My sister had to go through IVF to get pregnant and she feels the need to update me on every little bit of her pregnancy and quite frankly I don't care. Me and my sister don't have much of a relationship because she did something a few years back that I deem completely unforgivable. She made my life miserable for a whole year and quite frankly I want nothing to do with her. My husband completely supported me. However my mom really wanted us to get along and got us together and basically yanked an apology out of my sister. I told them BOTH we can be civil. But we will never have a sister relationship again and there has to be boundaries. I set them. We can have a civil conversation. Even hmu here and there but we will not talk like sister's and I'm keeping my distance from her. She's crossing boundaries right now. Her successful pregnancy which I congratulated her on, doesn't change anything and I'm about to tell her to stop messaging me about it but I want to be polite about it. I kinda feel like I shouldn't have to be polite about it because she knew my boundaries and she doesn't get to come up here acting sister like just because she's pregnant. We are acquaintances now and that's all. But I want to be polite.
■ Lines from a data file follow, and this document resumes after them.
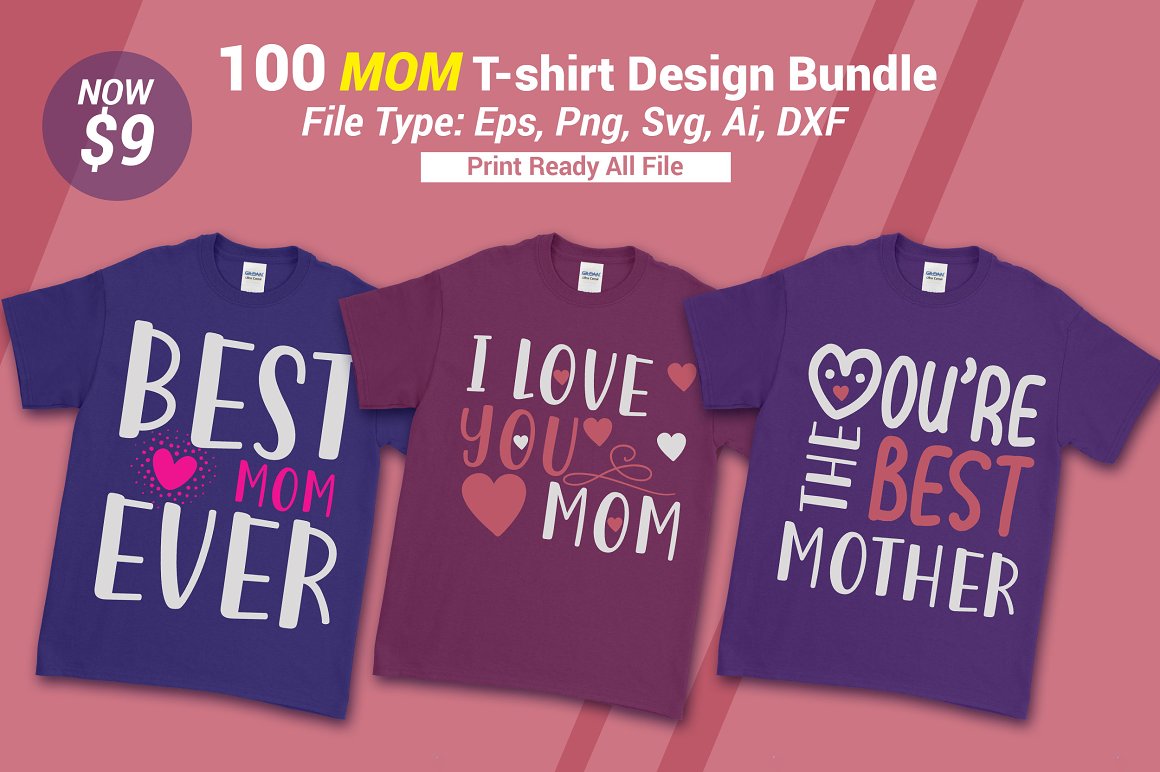 A set of bright t-shirts with a colorful print about mom.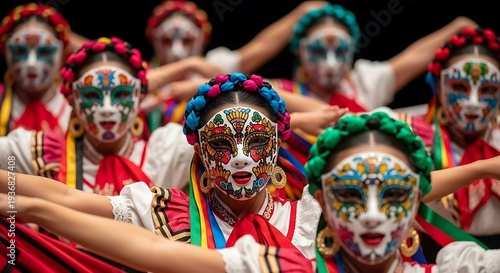 Mexican Dancers in Traditional Masks Performing Cultural Dance.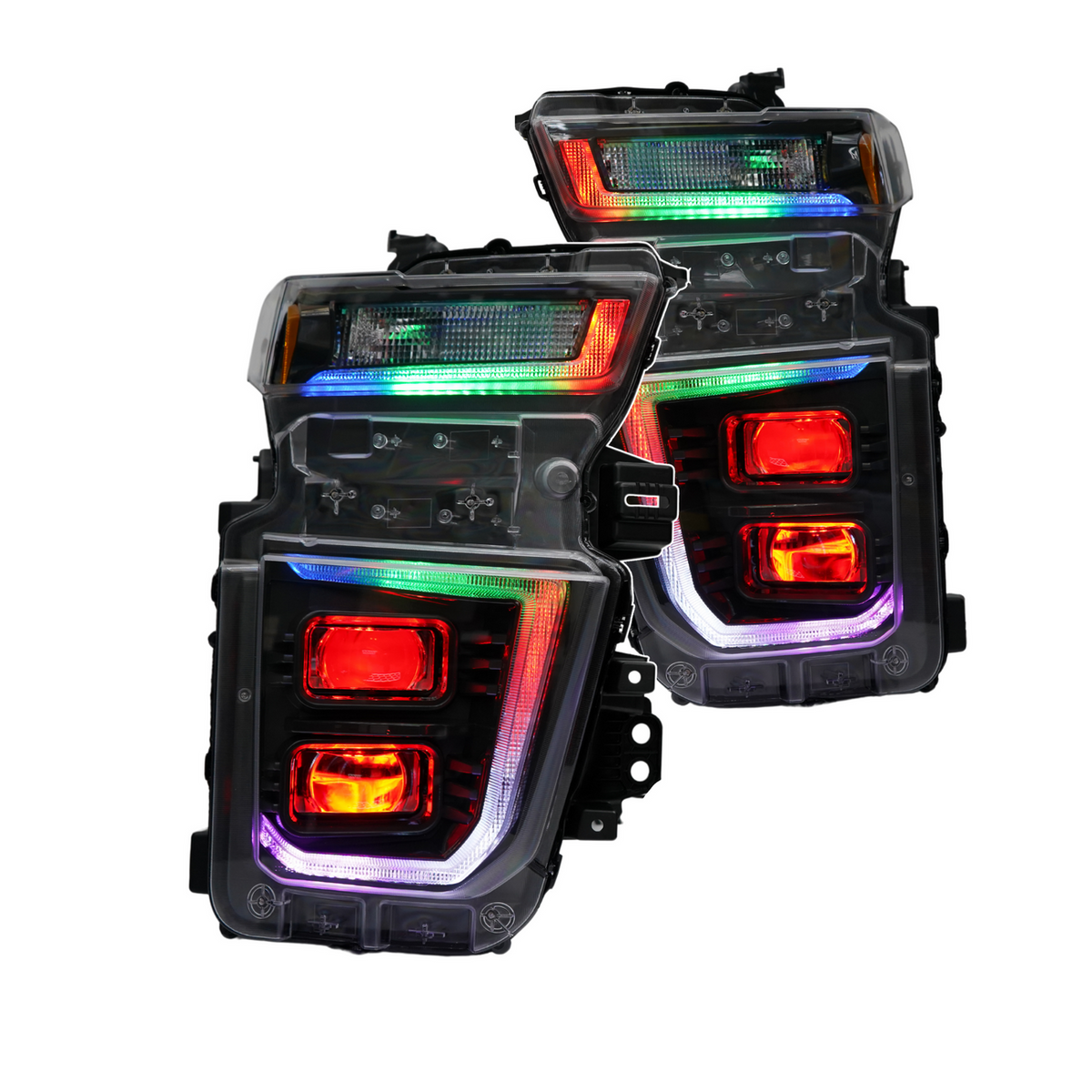 2020-2024 Chevrolet Silverado HD RGBW Flow Series HYBRID LED DRL Proje ...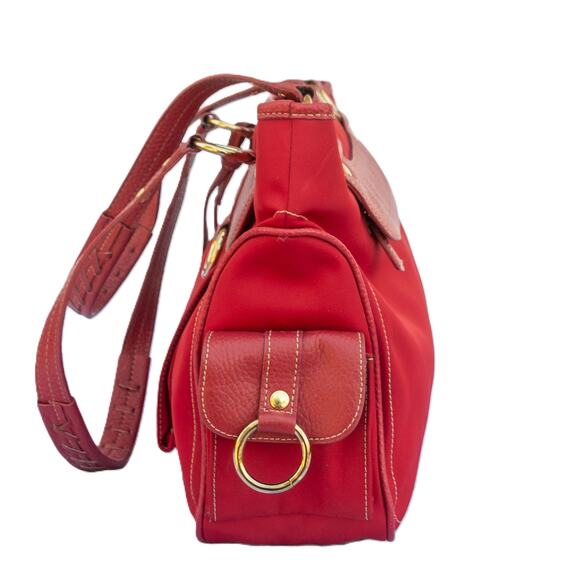 Vintage Y2K Purse MAXX NEW YORK Red Canvas Leather Tote Shoulder Bag Handbag - Picture 4 of 13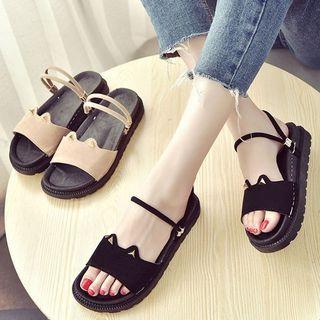 Studded Two-way Platform Sandals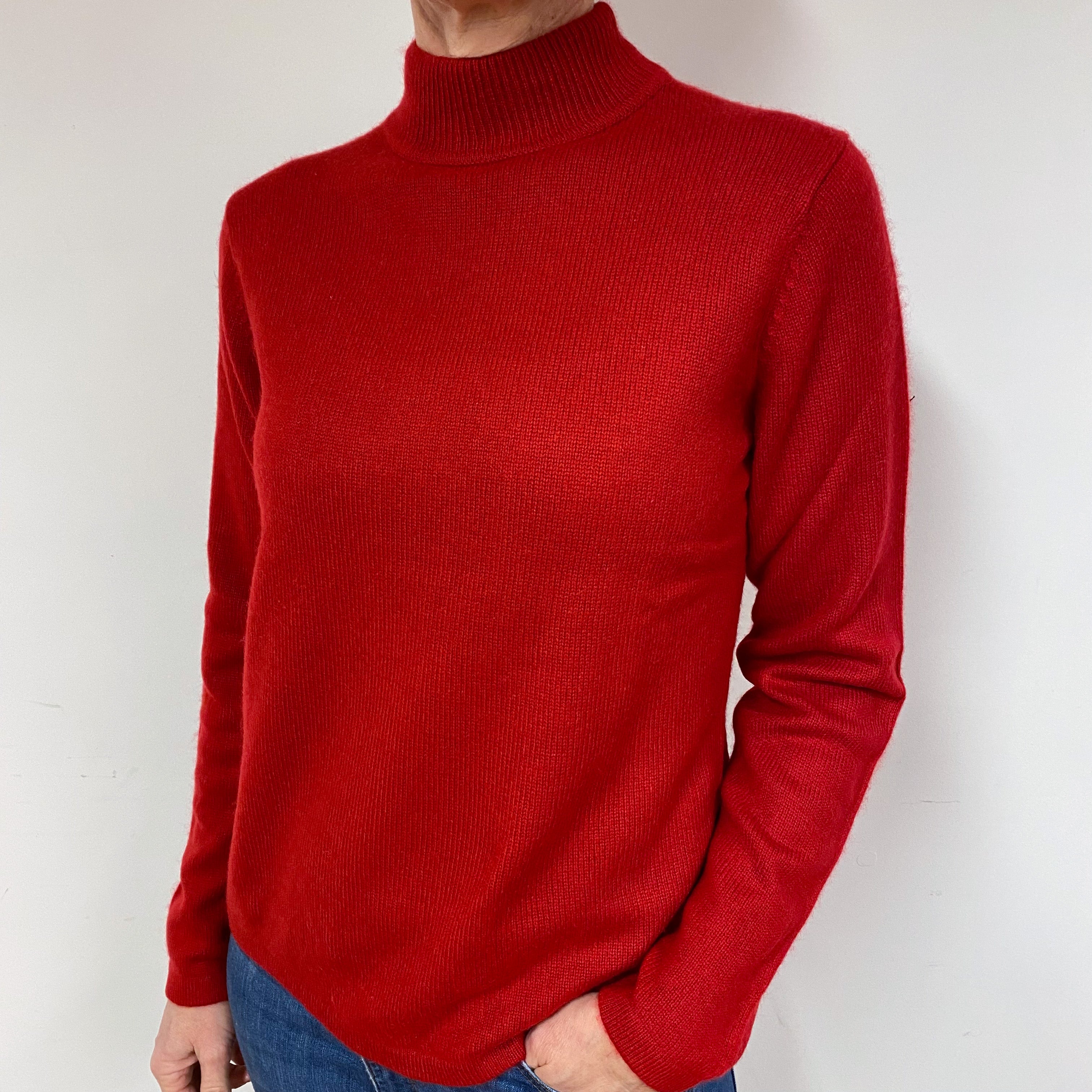 Scarlet Red Cashmere Turtle Neck Jumper Medium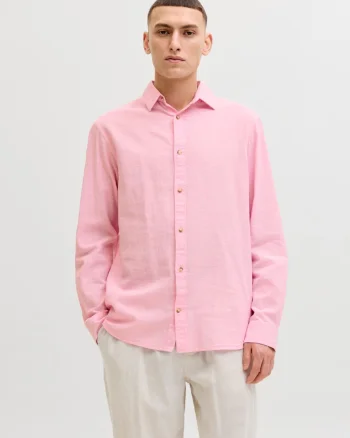 Jack & Jones Camasa barbati, Regular fit, din amestec de in, Roz (SELECTATI MARIMEA: XS)
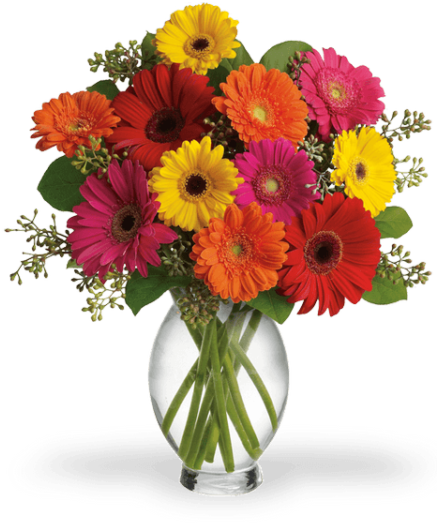 Bouquet Di Gerbere Colorate - Happy Anniversary Aunt & Uncle (450x600)
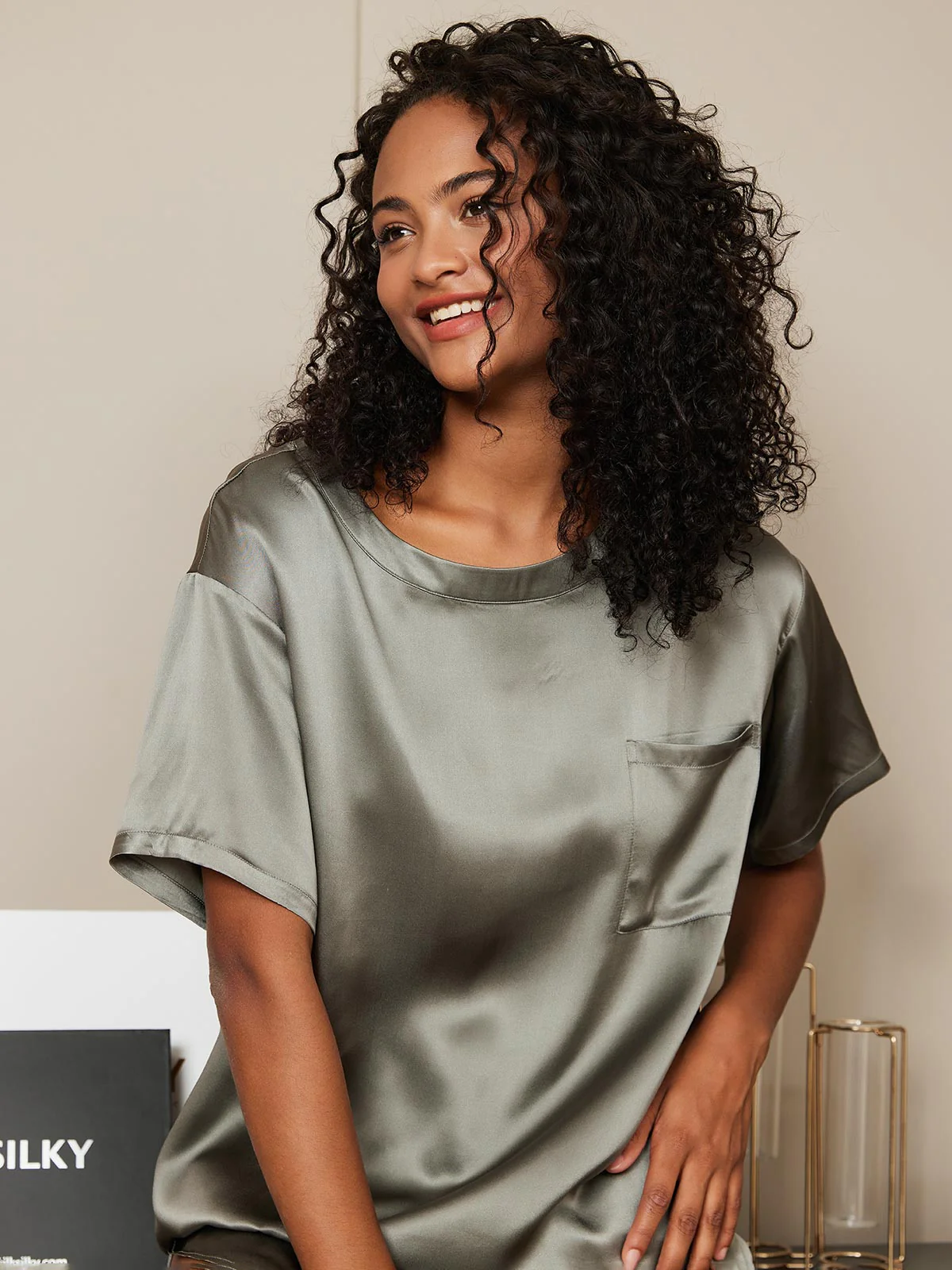 100% Mulberry Silk Short Sleeve Round Neck Womens Sleep Tee (Shorts Not Included) - Image 3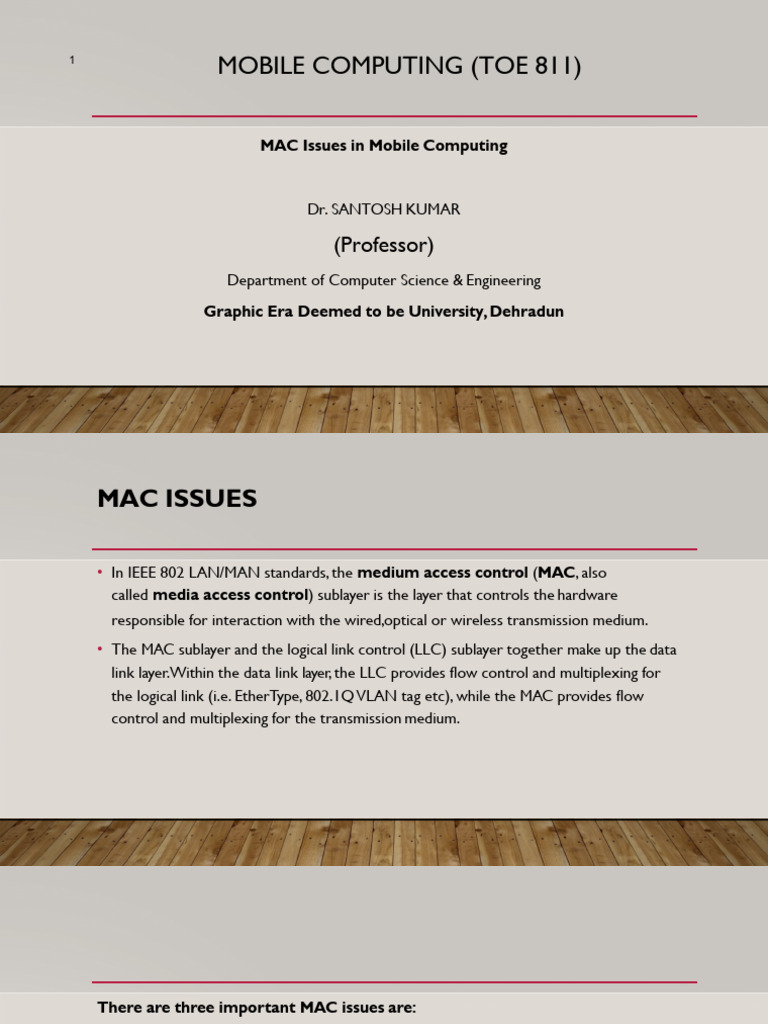 TOE 811-MC-L-3 MAC Issues in Mobile Computing | PDF | Wireless Lan ...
Edit: Okay I never said I forgave her. And it's not hate. I set boundaries. But since everyone cares so much she decided to cheat on her husband... With the man who raped me and my son for years because I wouldn't give her money. And for a year those 2 continued to harass me and she is still friends with him to this day. I have replied to her messages. I didn't start feeling some type of way until she tried to talk to me like we are sisters and tell me every little thing. While having pictures of her and that disgusting man up on her Facebook and her husband has no backbone so he would never leave her or tell her not to continue that friendship. So she's not gonna message me everyday like everything's all good and we are sisters. Also when I first confronted her about how she could do that to me she said "You deserved what you got. Maybe not your son. But you did". So .... Yeah umm fuck her. And for people saying I have hate? Not wanting to be associated with someone and hating them are 2 different things. I don't hate her anymore. I don't have the energy to care about her anymore. Just because you don't hate someone doesn't mean you're gonna be besties eating hoho's together. I don't forgive her but I have let the rage go from the situation and have set boundaries.